A los dueños de los periódicos también les gustó la idea y entre todos, empresarios y dueños de periódicos, acordaron que todos los años realizarían un concurso donde a la ganadora (que sería juzgada por hombres) le entregarían una cantidad de dinero y la coronarían Miss América.

La estrategia comercial del concurso tuvo sus recompensas, justo cuando las mujeres empezaban a afianzar su presencia como actores políticos en la sociedad. Hay que recordar que ese mismo año (1920), las mujeres consiguieron el derecho al voto en EEUU. Por cierto, en México ese derecho se reconoció hasta 1954.

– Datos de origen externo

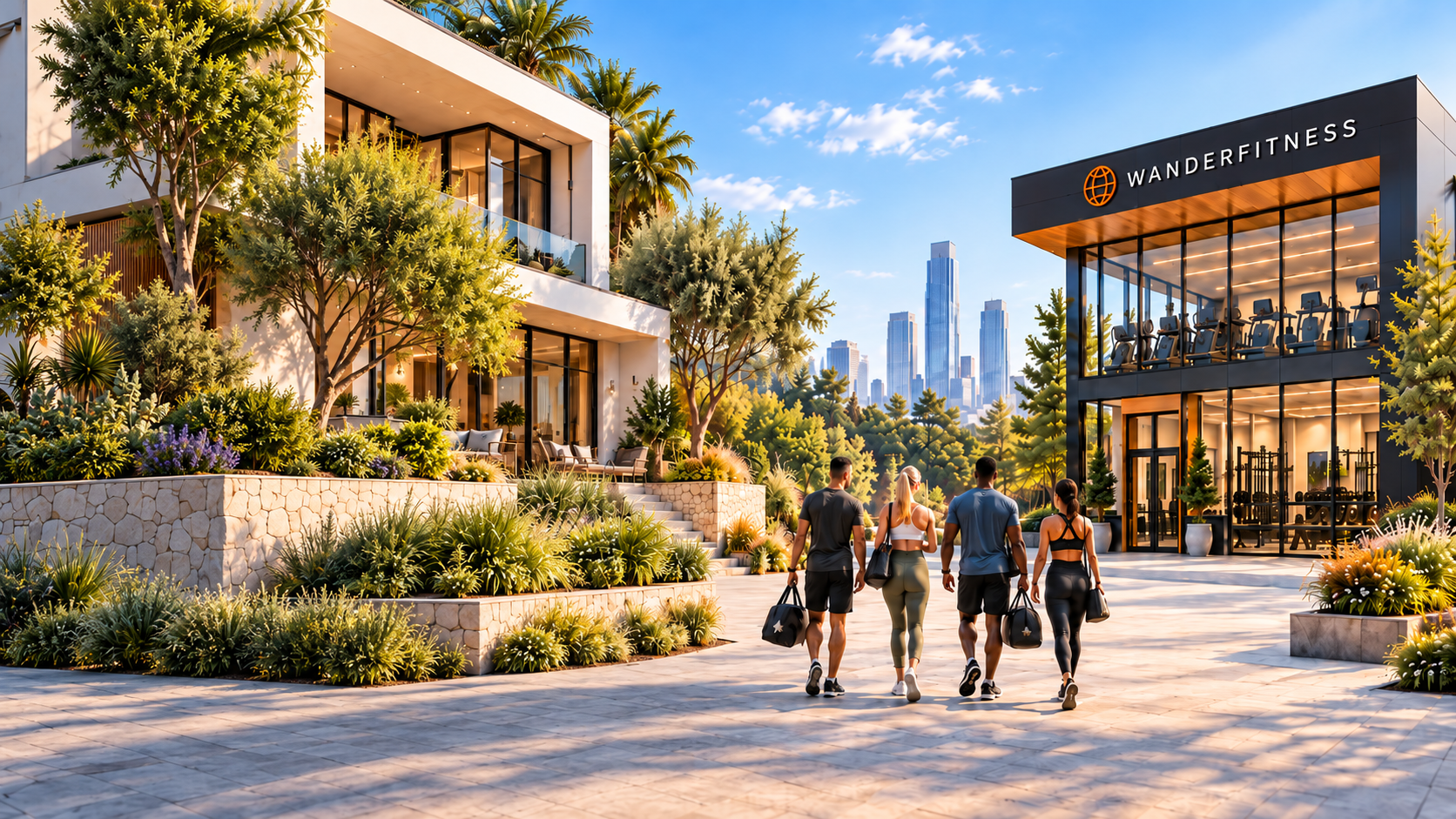 Guests walking toward a WanderFitness partner gym at golden hour
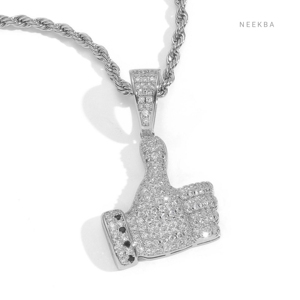 Pendentif main en moissanite exquise en argent sterling 925 – Bijou statement hip-hop haut de gamme, pendentif main en moissanite éclatante - Product Image 3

Hoy el contexto social es diametralmente opuesto, porque ahora la mujer ejerce nuevos roles. Habrá quien se sienta cómodo con la idea de coronar a una reina de belleza. Pero lo cierto es que se trata sólo de un título con matiz estrictamente comercial.

Habría que ir pensando en un reconocimiento distinto. Un movimiento para empoderar a las mujeres jóvenes de todo el mundo para que logren sus sueños. Para darles voz y convertirlas en agentes de cambio.

Hay varios movimientos políticos articulados, donde las mujeres son auténticos agentes de transformación. Sin embargo, muchas de aquellas mujeres nunca pondrían concursar sobre la base de la belleza externa y peor aún, son unas rebeldes y no tienen el más mínimo interés en exhibirse como modelo en traje de baño a ningún jurado. Sólo les interesa desmantelar el patriarcado y acabar con la violencia machista, ideales no muy fotogénicos.

En suma, a medida que las mujeres ganan más derechos sociales y políticos, más delgada se vuelve la estética idealizada que vende el patriarcado. Porque lo que necesitamos como sociedad es que las mujeres ocupen más espacios en las universidades, en la política y en el mercado laboral.

Para justificarse, los concursos de belleza buscan excusas ilusas. Nos dicen que son un programa de becas, que lo que se examina es “el porte” y el dominio en escena, que las concursantes promocionan sus estados y la identidad nacional de su país, todo menos admitir lo obvio: que es un espectáculo que sirve para poner a la mujer en una posición subordinada, en una sociedad machista que disfruta cosificándolas.

Por tanto, hay que reconocer que en el país existe un prototipo de belleza que se reconoce en el extranjero. Pero sobre, hay que tener claro que la mejor forma de logar la convivencia justa y armónica se basa en romper patrones vacuos de belleza física.

Hace unos años un anuncio de Miss Universo 2017 ponía fotografías estilizadas de las concursantes al compás de música tecno con las palabras “poderosa, dinámica, audaz, valiente, decisiva, inspiradora y positiva” sin ningún contexto ni explicación. ¿Qué tienen que ver esos conceptos con el concurso de traje de baño?

Las mujeres mexicanas necesitan algo más que un reconocimiento a sus virtudes físicas. Necesitan seguridad e integridad sobre su persona. Cuestión que por desgracia está lejos de ser una realidad.